▶ Problem to solve:
Search the records for the string "with", then copy each line that has it.

··· Extracted information ···

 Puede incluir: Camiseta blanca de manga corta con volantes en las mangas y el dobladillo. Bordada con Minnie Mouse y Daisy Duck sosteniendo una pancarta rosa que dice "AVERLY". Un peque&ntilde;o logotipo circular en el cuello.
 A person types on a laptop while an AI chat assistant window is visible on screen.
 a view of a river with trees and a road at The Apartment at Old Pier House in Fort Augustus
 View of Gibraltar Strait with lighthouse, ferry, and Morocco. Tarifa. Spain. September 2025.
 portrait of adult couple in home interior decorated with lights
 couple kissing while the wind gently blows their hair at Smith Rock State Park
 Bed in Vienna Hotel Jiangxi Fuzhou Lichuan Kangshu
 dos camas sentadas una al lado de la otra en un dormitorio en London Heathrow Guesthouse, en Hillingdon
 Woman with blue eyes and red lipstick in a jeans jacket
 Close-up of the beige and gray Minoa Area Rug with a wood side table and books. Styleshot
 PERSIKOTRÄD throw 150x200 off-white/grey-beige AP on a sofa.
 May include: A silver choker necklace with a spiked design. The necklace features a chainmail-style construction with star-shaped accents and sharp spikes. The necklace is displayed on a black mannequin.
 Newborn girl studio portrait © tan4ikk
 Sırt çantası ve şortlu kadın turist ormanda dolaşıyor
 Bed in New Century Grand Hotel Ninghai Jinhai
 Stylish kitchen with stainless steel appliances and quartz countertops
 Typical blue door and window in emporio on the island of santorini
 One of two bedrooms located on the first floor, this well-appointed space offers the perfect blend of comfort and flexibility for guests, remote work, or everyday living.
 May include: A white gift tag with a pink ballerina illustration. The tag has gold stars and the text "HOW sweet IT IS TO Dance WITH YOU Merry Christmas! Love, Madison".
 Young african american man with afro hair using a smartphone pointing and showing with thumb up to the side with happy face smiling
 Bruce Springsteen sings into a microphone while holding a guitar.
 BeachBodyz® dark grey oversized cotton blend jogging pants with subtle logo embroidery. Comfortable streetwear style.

···

▶ Answer for the task:
 a view of a river with trees and a road at The Apartment at Old Pier House in Fort Augustus
 View of Gibraltar Strait with lighthouse, ferry, and Morocco. Tarifa. Spain. September 2025.
 portrait of adult couple in home interior decorated with lights
 Woman with blue eyes and red lipstick in a jeans jacket
 Close-up of the beige and gray Minoa Area Rug with a wood side table and books. Styleshot
 May include: A silver choker necklace with a spiked design. The necklace features a chainmail-style construction with star-shaped accents and sharp spikes. The necklace is displayed on a black mannequin.
 Stylish kitchen with stainless steel appliances and quartz countertops
 May include: A white gift tag with a pink ballerina illustration. The tag has gold stars and the text "HOW sweet IT IS TO Dance WITH YOU Merry Christmas! Love, Madison".
 Young african american man with afro hair using a smartphone pointing and showing with thumb up to the side with happy face smiling
 BeachBodyz® dark grey oversized cotton blend jogging pants with subtle logo embroidery. Comfortable streetwear style.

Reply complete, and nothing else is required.